También se intenta vender la idea de que no hay problemas por destinar los transgénicos a la producción de agrocombustibles, y se están desarrollando ya árboles transgénicos destinados a la producción de agroetanol. Árboles con menor cantidad de lignina, que necesitan enormes cantidades de agrotóxicos para su producción en monocultivos.

Tiempo de elegir

Frente a las crisis climática, alimentaria e incluso económica, debemos elegir qué tipo de agricultura queremos promover para el futuro. Hay un amplio consenso internacional en la necesidad de apostar por modelos agroecológicos como forma de responder a todos estos desafíos. Así lo recogía la mayor evaluación de la agricultura mundial realizada hasta la fecha, un proyecto de la ONU, la FAO, el Banco Mundial y otras agencias, junto con más de 400 científicos, que publicaron tras cuatro años de trabajo la Evaluación Internacional del Papel del Conocimiento, la Ciencia y la Tecnología en el Desarrollo Agrícola (IAASTD en sus siglas en inglés).

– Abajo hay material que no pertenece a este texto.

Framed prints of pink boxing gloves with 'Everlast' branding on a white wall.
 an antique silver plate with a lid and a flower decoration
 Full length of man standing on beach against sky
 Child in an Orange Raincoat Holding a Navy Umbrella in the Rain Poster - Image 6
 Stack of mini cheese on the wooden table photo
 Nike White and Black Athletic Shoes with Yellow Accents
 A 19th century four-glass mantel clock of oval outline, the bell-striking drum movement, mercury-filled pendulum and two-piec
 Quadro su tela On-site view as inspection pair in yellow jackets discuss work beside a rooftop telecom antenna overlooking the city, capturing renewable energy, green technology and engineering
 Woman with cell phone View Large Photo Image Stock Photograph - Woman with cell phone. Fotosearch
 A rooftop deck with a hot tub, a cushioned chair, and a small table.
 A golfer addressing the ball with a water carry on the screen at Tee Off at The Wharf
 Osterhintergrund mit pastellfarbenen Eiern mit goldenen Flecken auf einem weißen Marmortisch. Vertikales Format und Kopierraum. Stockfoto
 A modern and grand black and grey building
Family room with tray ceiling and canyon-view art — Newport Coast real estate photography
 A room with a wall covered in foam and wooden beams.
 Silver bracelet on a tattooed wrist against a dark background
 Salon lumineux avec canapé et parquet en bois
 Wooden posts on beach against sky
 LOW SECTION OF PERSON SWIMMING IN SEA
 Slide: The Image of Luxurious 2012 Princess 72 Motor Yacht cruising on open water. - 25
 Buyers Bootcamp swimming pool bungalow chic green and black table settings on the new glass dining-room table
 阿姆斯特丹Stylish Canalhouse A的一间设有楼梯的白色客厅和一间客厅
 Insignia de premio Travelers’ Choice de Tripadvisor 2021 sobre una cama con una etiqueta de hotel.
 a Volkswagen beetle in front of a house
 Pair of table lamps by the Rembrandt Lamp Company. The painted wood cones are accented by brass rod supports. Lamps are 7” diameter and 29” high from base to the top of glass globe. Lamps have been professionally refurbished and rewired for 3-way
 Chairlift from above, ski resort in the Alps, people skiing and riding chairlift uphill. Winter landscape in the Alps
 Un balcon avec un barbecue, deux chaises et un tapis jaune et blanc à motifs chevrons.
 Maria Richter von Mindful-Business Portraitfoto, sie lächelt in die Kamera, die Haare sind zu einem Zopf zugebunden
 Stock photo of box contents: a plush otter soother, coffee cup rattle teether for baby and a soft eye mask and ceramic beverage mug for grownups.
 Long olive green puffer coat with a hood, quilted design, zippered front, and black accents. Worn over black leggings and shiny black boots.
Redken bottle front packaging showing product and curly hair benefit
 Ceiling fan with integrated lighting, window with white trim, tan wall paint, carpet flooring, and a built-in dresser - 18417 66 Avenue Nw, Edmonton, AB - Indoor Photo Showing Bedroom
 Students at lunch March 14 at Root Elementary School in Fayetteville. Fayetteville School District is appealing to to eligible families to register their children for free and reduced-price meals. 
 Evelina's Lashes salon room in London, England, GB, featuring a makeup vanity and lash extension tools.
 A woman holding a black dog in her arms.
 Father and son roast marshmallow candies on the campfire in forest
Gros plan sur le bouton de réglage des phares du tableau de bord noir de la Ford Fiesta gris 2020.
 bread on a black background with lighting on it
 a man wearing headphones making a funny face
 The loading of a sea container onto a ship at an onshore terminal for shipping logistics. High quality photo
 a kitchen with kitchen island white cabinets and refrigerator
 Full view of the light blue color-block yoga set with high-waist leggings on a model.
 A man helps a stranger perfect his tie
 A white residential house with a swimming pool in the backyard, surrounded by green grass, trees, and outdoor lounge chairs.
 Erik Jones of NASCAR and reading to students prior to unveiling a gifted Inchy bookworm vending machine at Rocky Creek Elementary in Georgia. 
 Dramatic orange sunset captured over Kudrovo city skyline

La conclusión de este estudio fue clara: hay que apostar por métodos agrícolas biológicamente diversos, y los cultivos transgénicos no juegan un papel relevante para afrontar los nuevos desafíos. No es casualidad que la industria biotecnológica se retirara de este proyecto pocos meses antes de su publicación por la baja evaluación de sus tecnologías. Se reconoce el papel clave que debe jugar el conocimiento local de los agricultores, especialmente de las mujeres, en el futuro desarrollo de tecnologías apropiadas y sistemas de conocimientos. Y sentencia que las innovaciones tecnológicas industriales y el comercio internacional no han beneficiado a quien más lo necesita, al tiempo que han provocado graves daños ambientales.

Frente a este consenso internacional, ¿por qué modelo de agricultura está apostando el Gobierno español? Si nos atenemos a los datos de investigación, la agricultura biotecnológica recibe 60 veces más apoyo económico que la agricultura ecológica en España. Esto a pesar de que la agricultura ecológica genera 25 veces más empleo y ocupa 16 veces más superficie.

Frente a una situación política de bloqueo y una legislación hecha a la medida de las multinacionales, continuar la movilización es fundamental. Las manifestaciones contra los transgénicos de los últimos años, el proceso de construcción de la Alianza por la Soberanía Alimentaria de los Pueblos o las diversas iniciativas y acciones a escala local son herramientas fundamentales para frenar los transgénicos y construir la soberanía alimentaria desde lo local, como forma de cambiar el modelo de agricultura y alimentación dominante y dar respuesta a las crisis que enfrentamos.